You're also just showing a single point in space. How does the frequency response look like at the left and the right ear??

Hi Markus, I too am of of the opinion that 1/3 doesn't describe everything there is to know about sound. Our hearing is a LOT more discriminating both in time and frequency than most studies reflect, especially our subliminal hearing... which almost no one has studied because it requires a lot of brain-wave measurements.
However, I'm also not in agreement that 1/3 oct. data is worthless and that the use of 1/3 oct makes a measurement invalid. Especially when said 1/3 octave data doesn't look all that different from the 1/12th data excepting it's prettier to look at.

As for missing any data that would prove my claim, I clearly disagree with your stance.
Although the data I have chosen to show here is limited, it is a subset which IS representative of other data that I have on hand. I could present reams of data, but this is not the place for that! I'll be happy to present more information, but please allow me to do that in the Vendor's section rather than doing it here. (I wish to respect the forum rules).

As for averaged response across many points, and deviance from the average, that's one of the criteria I study the most. It's hugely important. Again, I'll be happy to post the data for this in a more appropriate place.
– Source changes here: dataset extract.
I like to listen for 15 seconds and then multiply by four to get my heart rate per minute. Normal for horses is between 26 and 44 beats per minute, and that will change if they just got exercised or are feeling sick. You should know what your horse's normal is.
But I will say the OB I've referenced here does pretty well in that regard.

So, to bring this back on-topic, my contention is that while cabinet resonances and panel resonances are indeed audible, and desrving of solid construction, damping and bracing, that the room resonances are even more important, and that OB reduces the room issues significantly.
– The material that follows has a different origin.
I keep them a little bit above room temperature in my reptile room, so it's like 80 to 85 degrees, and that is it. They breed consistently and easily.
Perhaps the "absolute method" would be to measure at 1/24th octave with good conventional enclosures and my new OB design and compare extensively in 10 different rooms, and then publish the results in an 80 page white paper. But when it comes to giving helpful hints to the OP, please forgive me for not publishing "complete" data according to the criteria you state is necessary. What I've given actually IS a pretty good indicator, if only you have eyes to see.